When Kvitova made an unforced error with her backhand in a rally that went on too long for her, and then missed a forehand in the net, Serena had the break she needed: she finished the set off with 3 aces (to reach 13 for the match) and an unreturnable 1st serve on match point.

Complete score: 6-2, 7-5 (an almost identical score to Serena's defeat of Petra in the 2010 semis here)

Azarenka, who will meet Serena in the next round - a match which will probably decide the title winner, was making fast work of Paszek until midway through the 2nd set, when down 3-6, 0-3, Tamira began to fire some of the 17 winners she then accumulated in the 2nd set.

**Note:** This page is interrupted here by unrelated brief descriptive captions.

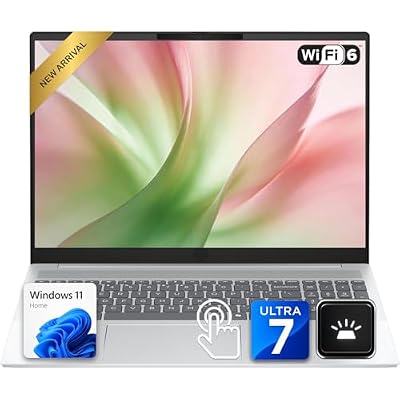 WOWPC Customized HP OmniBook 5 16" WUXGA 2K Touchscreen Laptop | Intel Core Ultra 7 Processor with AI Boost | 32GB DDR5 RAM | 4TB PCIe SSD | Win 11 | Backlit Keyboard | Wi-Fi 6 & Bluetooth 5.4
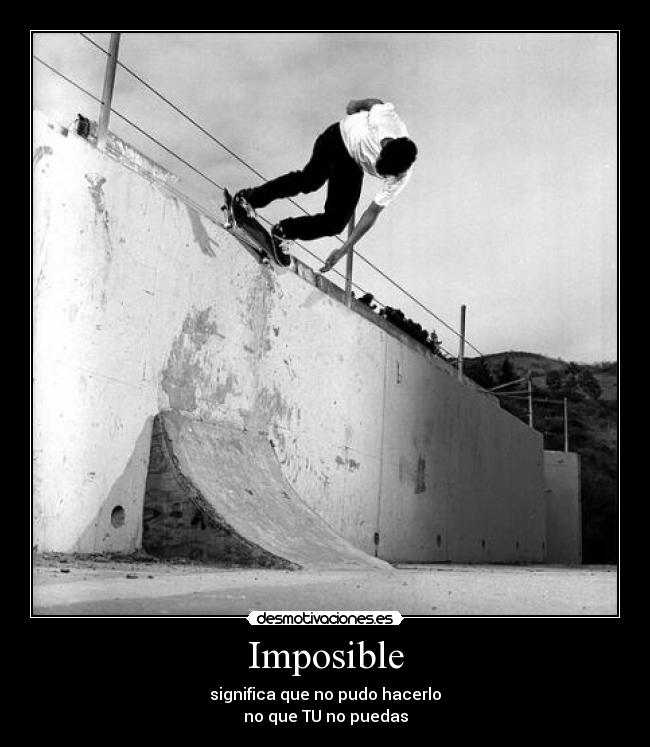 Imposible -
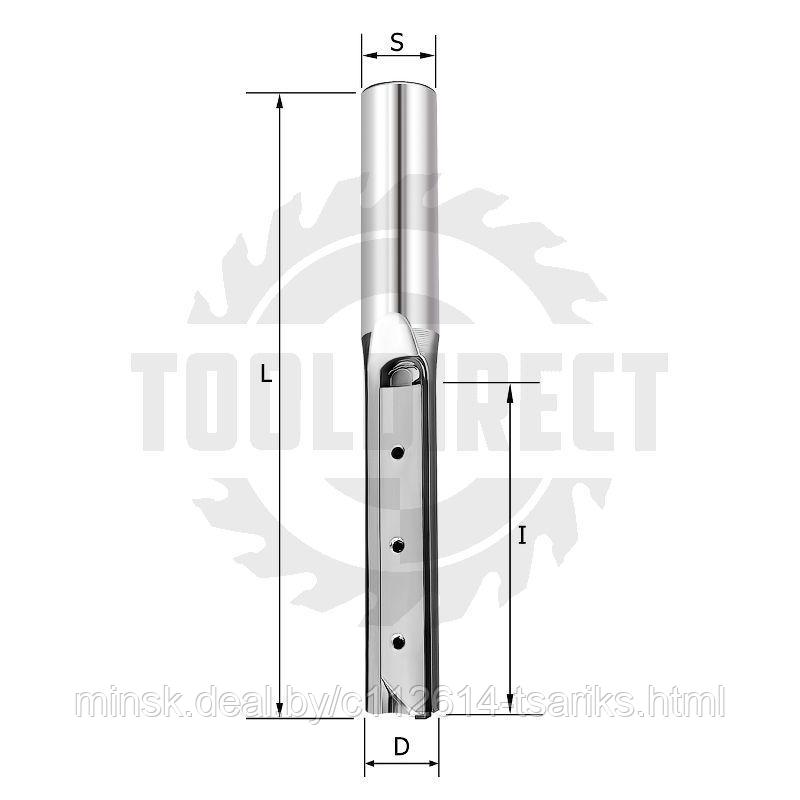 Фреза прямая пазовая со сменным ножом Durocut D=12x50x100 S=12 Z1 (нож 50x5x1.1) Rotis - фото 4 - id-p217530305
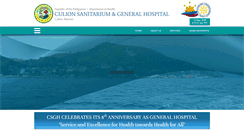Desktop Screenshot of culionsanitariumandgeneralhospital.com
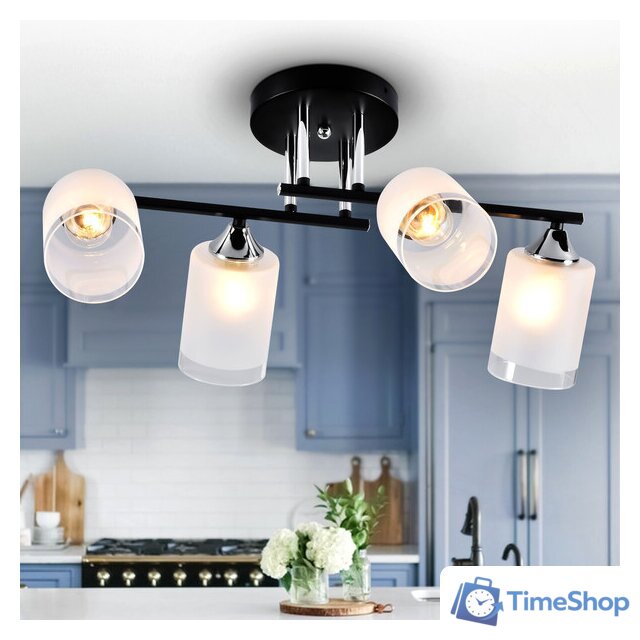 Люстра средней высоты Rivoli Marielle 9073-304 Б0051982 - Изображение №3 — Интернет-магазин Time-Shop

For a time she dominated and threatened to even the match, but the tie-breaker went to the favorite 7-4.

Complete score: 6-3, 7-6

The other two quarters went the distance, both ending 7-5 in the 3rd set:

- Like Azarenka, Kerber jumped out to a a set and half lead before Lisicki's winners started to offset her errors (she would end with a 57 to 50 margin) and her aces offset her double faults (10 and 5). With the match slipping out of her tight grip, Kerber let her temper get the better of her and became the beast in the garden, turning off spectators even in her own box. That she managed to win testifies to how hard she fought to make this win possible.

Complete score: 6-3, 6-7 (4), 7-5

- Radwanska and Kirilenko battled for 3 straight sets and almost 3 hours, played on two courts, outdoors until 4-4 in the 3rd set, and then in Centre Court after a lengthy rain delay suspended outdoor play for the summer. By the end there'd been 30 break points and 10 service breaks Aggie used her delicate touch and excellent instincts to keep her dream alive of finally making a major semis.

Complete score: 7-5, 4-6, 7-5

Radwanska or Kerber are 2-2 in H2H, splitting two matches in 2011 on hard courts, both 3 sets in almost identical scores. It is a toss up which one will become final fodder for Serena or Vika. Niether has beaten Serena, though they haven't played in a few years. Aggie has lost 9 of the last 10 with Vika (6 in a row this year), while Kerber hasn't beaten her or played her recently.


Centre Court

1:00 PM


Roger Federer (SUI)[3]


Mikhail Youzhny (RUS)[26]


David Ferrer (ESP)[7]


Andy Murray (GBR)[4]

No. 1 Court

1:00 PM


Novak Djokovic (SRB)[1]


Florian Mayer (GER)[31]


Jo-Wilfried Tsonga (FRA)[5]


Philipp Kohlschreiber (GER)[27]

It's hard to imagine Joker, Fed or Jo losing to their opponents. Fed has once again been awarded the advantage of a Centre Court berth.

It's just as hard imagining Ferrer and Murray not having a close match: they are 5-5 H2H (David won the last two, including their 4 set quarterfinal in Paris last month. David is in his first Wimbledon quarters, and has nothing to lose (unlike Andy). His match against Del Potro today was a shocker, and may have left him with a whole new confidence on grass (the only set he lost was against Roddick). This will be Andy's first real test here, though he has lost two sets already.